Le juge Paul R. Bélanger, à la tête de la commission, affirme que les concepteurs, constructeurs et les différents propriétaires du centre commercial Algo, ainsi que certains architectes et ingénieurs et des fonctionnaires municipaux et provinciaux « dont le devoir était de protéger le public » ont failli à leurs tâches dans « diverses formes, s’étalant entre apathie, négligence et indifférence, par la médiocrité, l’inaptitude ou l’incompétence, jusqu’à l’avarice pure et simple, l’obscurcissement et la duplicité ».

Selon le rapport d’enquête sur Elliot Lake, plusieurs personnes étaient au courant des problèmes d’infiltration d’eau et de corrosion qui ont miné la structure du centre Algo dès sa construction, en 1979, et qui ont finalement mené à la défaillance d’une poutre de soutènement du toit de l’édifice.
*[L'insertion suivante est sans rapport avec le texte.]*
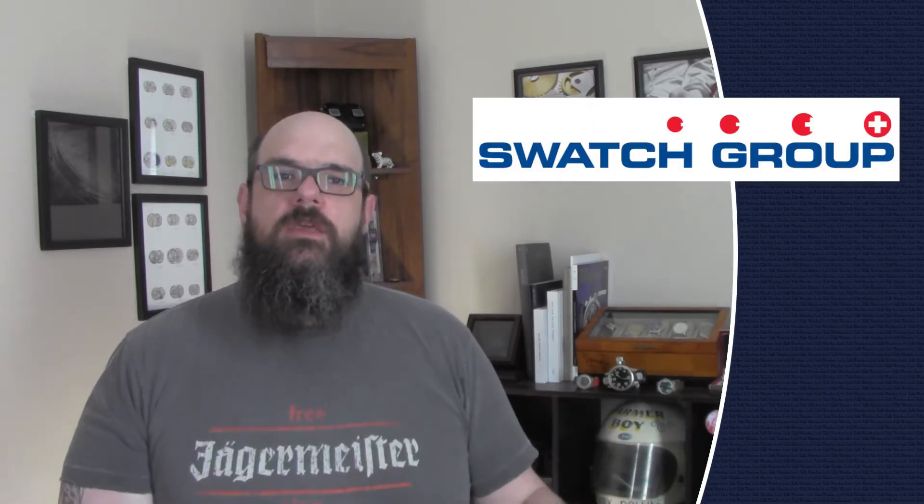Hey everyone, welcome back. My name is Jason. Let's talk watches. Baselworld 2017 continuing coverage today — we're going to talk about the Swatch Group. While Swatch itself isn't represented at Baselworld, a lot of their sub-companies are: companies like Blancpain, Breguet, Glashütte Original, Hamilton, Longines, and Omega were all there. There were many new releases amongst all these companies, so let's go over a few to see what they're doing in this new year.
« Assez, ce bâtiment va céder »

L’effondrement partiel du toit du centre Algo, qui servait également de stationnement à l’édifice, a coûté la vie à deux personnes et fait près d’une vingtaine de blessés, le 23 juin 2012.

La tragédie a ébranlé la petite communauté de 11 000 habitants à mi-chemin entre Sudbury et Sault-Ste-Marie, dans le nord de l’Ontario.

La commission Bélanger blâme sévèrement les trois propriétaires successifs de l’édifice qui, selon elle, étaient « confrontés aux avertissements les plus clairs » mais « se sont débarrassés ou ont tenté de se débarrasser du problème en le vendant plutôt que de le réparer ».

« Il est difficile de ne pas conclure que si l’un ou l’autre des propriétaires, des ingénieurs et des agents impliqués au centre commercial (…) avait dit : ‘Assez, ce bâtiment va céder s’il n’est pas bien réparé’, deux vies n’auraient pas été gratuitement et tragiquement perdues », fustige le juge Paul Bélanger dans son rapport d’enquête, déposé le mercredi 15 octobre.

Le centre Algo a été complètement démoli après la tragédie de 2012.

Recommandations

Pour éviter qu’un tel drame se reproduise, la commission d’enquête sur Elliot Lake recommande, entre autres, que tous les bâtiments semblables au centre Algo soient soumis à des normes minimales d’entretien et qu’ils soient inspectés par des ingénieurs dûment qualifiés.

Le gouvernement libéral de Kathleen Wynne dit avoir déjà bonifié la formation et les renseignements à l’attention des inspecteurs de la santé et de la sécurité au travail et des ingénieurs.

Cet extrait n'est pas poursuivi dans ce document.